I don’t know about any one else but whiskey flavored condoms is just down right wrong. Matter of fact, any flavor to condoms is down right wrong.
Long format with comments intact is part of what makes this place great.
I worked for a guy that went on the atkins diet. He’d have a slab of steak or pork or something in the fridge every day, microwave it until it was leather, and eat the whole thing. The diet worked for him, but he had to eat a handful of vitamins every day. Plus he exuded a very distinct odor. I could smell him from down the hall, and he could no longer lurk over my shoulder undetected.
Popcorn and fish should never be microwaved at work, especially not together.
I NEVER read ‘online journals’ until I found the WVSR. Now I’m addicted, mostly to other Surf Reporters – Tiff, Wordnerd, Kenju, Renn, Brenda, Trinamick… it occurs to me you’re the only male ‘online journalist’ I read regularly. Hmm. Also surf Fark a bit.
“Liver and cabbage in the microwave is pretty revolting, but it’s amazing how bad burned popcorn can smell.” Those two items should never be cooked together nor heated up in microwave. Indian food has got my top ticke for food that smells. My cube sits adjacent to one of the many breakrooms in our building and at 4 o’clock, someone always goes in there and burns a bag of popcorn and I have to smell that until I leave. Thankfully , the air handler is right above my head so I just go over and turn on the AC and it sucks out the bad smell eventually.

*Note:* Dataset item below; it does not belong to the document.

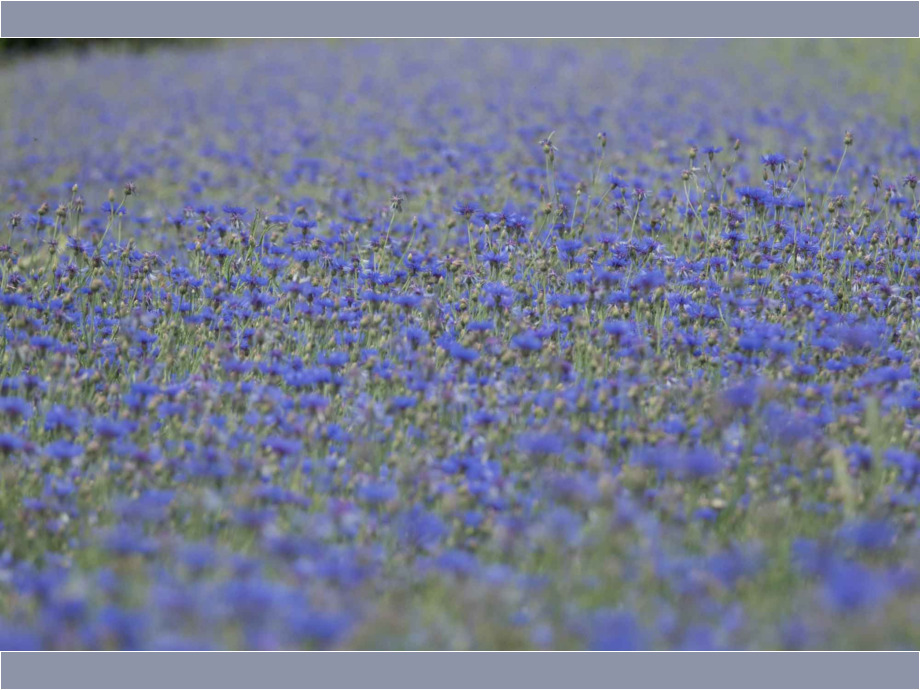 Kornblumen-blau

BTW, all the Surf Report girls are excellent. Especially Tiff, shes got my vote. I can’t get through the day with out the these journals. Somebody has to keep reminding me that I’m not the olny one who thinks like that.
I generally don’t read blogs. But I found out about this one after reading the guy’s book about his experiences as a contestant on Jeopardy! (the gameshow). At the time, I had passed an audition for the show and hoped to be called up for it, but it never happened.
http://www.bobharris.com/
at work we’re forbidden from bringing peanut based foods… due. to. allergies.

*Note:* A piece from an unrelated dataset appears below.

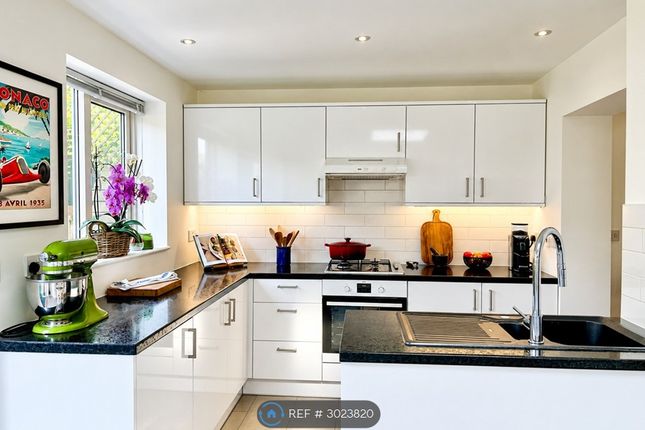 Carew Road, London photo 4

also i won’t use the microwave and firmly believe that they should be banned. they only lead to nasty food smells wafting through the office.
also at some of my old jobs i’d never eat in the caffeteria. always ate alone because of people eating nasty food.
and not all of it was weird… i’m talking about porkchops or chicken that just smelled rancid when microwaved.
we also had one woman who would bring a whole “soup mix” of produce… turnips, dill, potato, huge carrot and would microwave that in a bowl with some water every day….
fucking rude if you ask me to eat your gross food and ruin everyone’s lunch.
blogs i read:
eviltwin’s wife, cute with chris (cutewithchris.com) and expectnothing.com
back in the day when i had my speakeasy site and greasypants i used to read a whole bunch of now-defunkt blogs like cananopie.pitas.com and unclebob.diaryland.com, drew.corrupt.net (natalie dee’s husband)…. but nowadays most blogs are crap.
Whatever happened to “Eating Eggs with Bill Oates”?
Dogberryjr,
Thanks for the link. He reminds me of a friend I had in Texas. He claimed to be a pool shark, but was really just a drunk that always got his ass kicked at pool.
This guy tries really hard but it’s just not there. He loves the words “disembodied” and “oligarchy”, did you notice that? And he’s obsessed with the bailouts.
Hmmmm… I’m late to the game on this one. New format couldn’t hurt. It gives us more to comment on and read throughout the day… but either way is good to me.
Aside from TWVSRI keep up with Tucker Max, The Sneeze, Stuff White People Like. That is all.
Several girls here at my office only eat raw tuna… that’s about it. Other than that it’s usually me who gets the commentary on my food. The occasional tofu, or veggie loaf, or meatless (pick your dish) usually get’s strange looks and people convincing me I’m insane and one person in particular who likes to use my meal as a segue into a 5 minute dialogue about what she does and does not enjoy eating.
just last week I came across an abandoned can of beverage… and the beverage was a non-alcohol jack and coke drink.. crazy.. no-alchol but articially flavored to taste like a jack and coke.. who drinks that at work?